Competitive use of river
Similarly, recreation tends to be mutually exclusive with hydropower generation. Best example (actually worst) is Middle Bhote Koshi hydropower project with installed capacity of 102 MW. This project is sited at one of the world’s top 10 whitewater rafting sites (National Geographic has ranked it as 7th) and there is no other comparable site anywhere else in Nepal.
After this particular hydropower project is built, the rafting site will be completely destroyed. Nature has bestowed Nepal with this site and hydrocrats are hell-bent on destroying it. They are unmindful of the fact that if artificial rafting site needs to be built, it would cost a huge amount. An example is Lee Valley White Water Centre (previously known as Broxbourne White Water Canoe Centre) in London, which was constructed to host the canoe slalom events of the 2012 Summer Olympics, at the cost of $50 million equivalent to Rs 5 billion, one third of the cost of this project (Rs 14.5 billion).
Therefore, it will be prudent to build this project at around 70 MW installed capacity without having to sacrifice world’s 7th top whitewater rafting site. Unfortunately, even GoN (particularly Tourism Ministry) in general and tourism industry in particular (with some exception) doesn’t seem to be bothered about destruction of Nepal’s natural heritage. If one were to compute benefits to Nepal’s macro economy from rafting based tourism and cost of building similar rafting site elsewhere in Nepal and compare the figure with hydropower generation (hydropower projects can be built at millions of hydropower sites in over 6,000 rivers), Nepal gains more from saving the rafting site than mindlessly wrecking it by building hydropower project on that particular site, especially because just reducing its installed capacity can save the rafting site.

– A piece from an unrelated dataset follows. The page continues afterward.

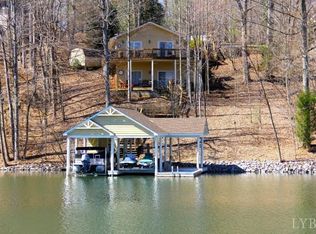 262 Pine Knob Cir, Moneta, VA 24121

Complementary uses – irrigation and navigation
Certain use of river have complementarity like reservoir project not only generates electricity but the lean season augmented flow from it can help increase cropping intensity (one crop a year in rainy season versus more than 3 crops including in dry season) by irrigation which is important to achieve food security.
Similarly, with the construction of reservoir project navigation becomes possible in the reservoir as well as in the downstream area of the project. If Nepal builds Upper Karnali project as a reservoir project Nepal can have inland navigation in the reservoir in districts like Achham, Dailekh, Kalikot etc. and in Surkhet, Bardia and Kailali district in downstream of powerhouse. Moreover, Nepal can even have access to open seas through Ganga River in India and the latter too will similarly benefit from lean season augmented flow.

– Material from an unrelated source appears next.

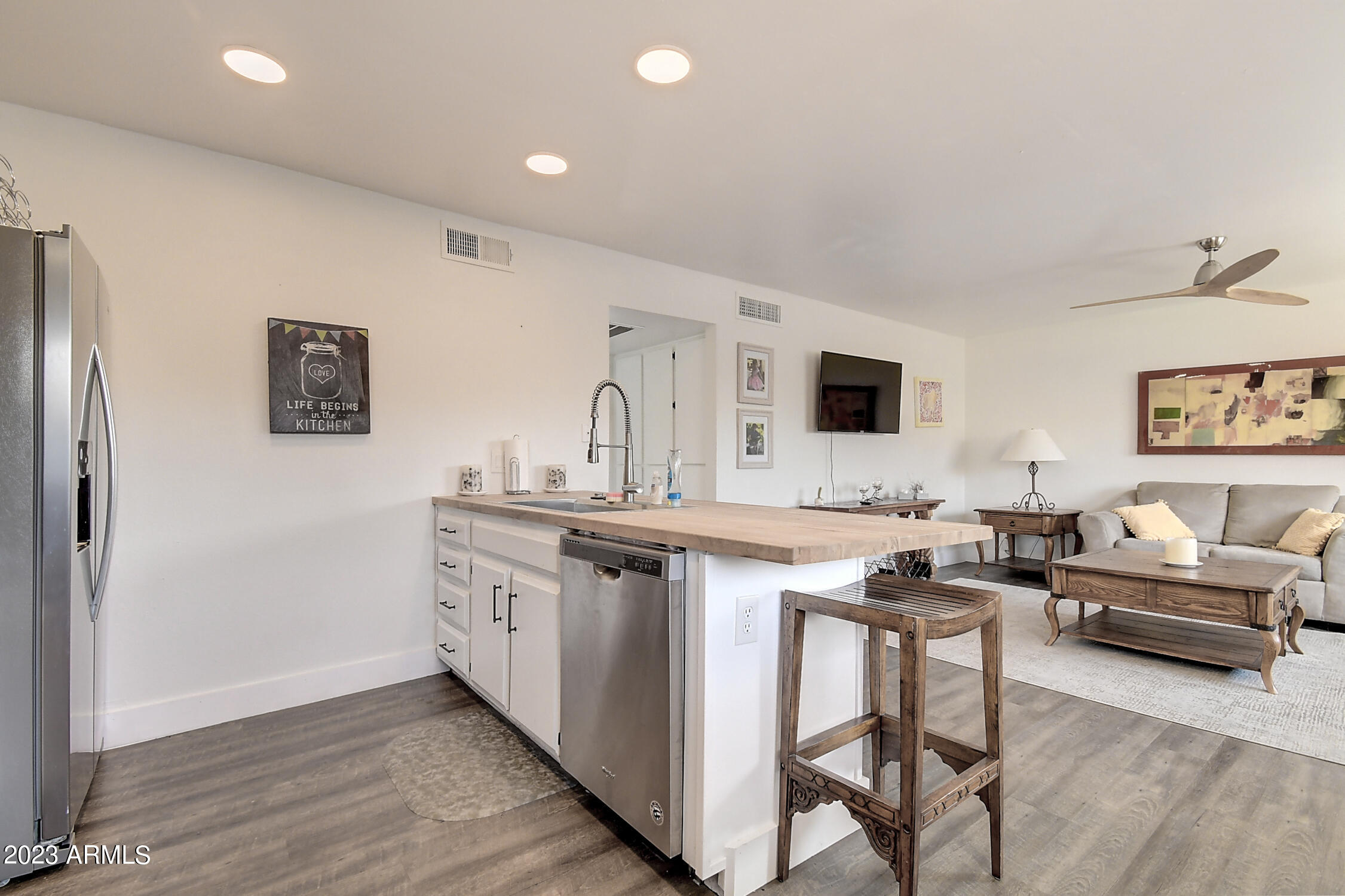 1241 N 84TH Place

Comprehensive options assessment
From this perspective GoN needs to conduct comprehensive options assessment (COA) with regard to competing and mutually exclusive uses of water for purposes like drinking and sanitation, irrigation, animal husbandry and fishery, hydropower generation, recreation, industrial use, navigation and customary uses – identified by acronym DIFERINO, prior to deciding to allow use of any river for any purposes including hydropower generation.

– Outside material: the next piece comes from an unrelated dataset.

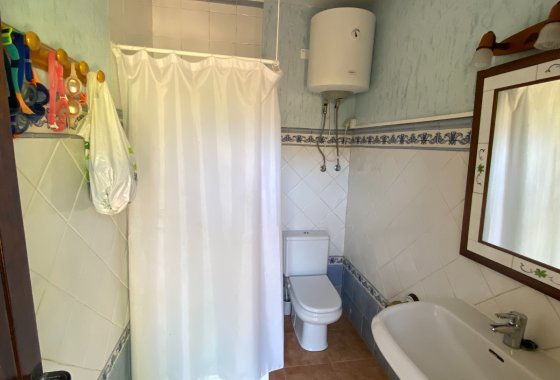 Resale - Villa - Petrer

To conclude, certain uses of river results in more benefits to the country’s macro economy than hydropower generation. Besides, people’s lives depend on river for water, food and energy. Under economics and econometrics no value of life can be assessed/attributed, for which water and food is of vital importance. If there is no life, then there is no meaning of hydropower generation. Therefore, under COA economic linkages (backward, forward, investment and fiscal linkages) needs to be analyzed/assessed and value of water and food for human life determined before deciding to put a site to a specific use.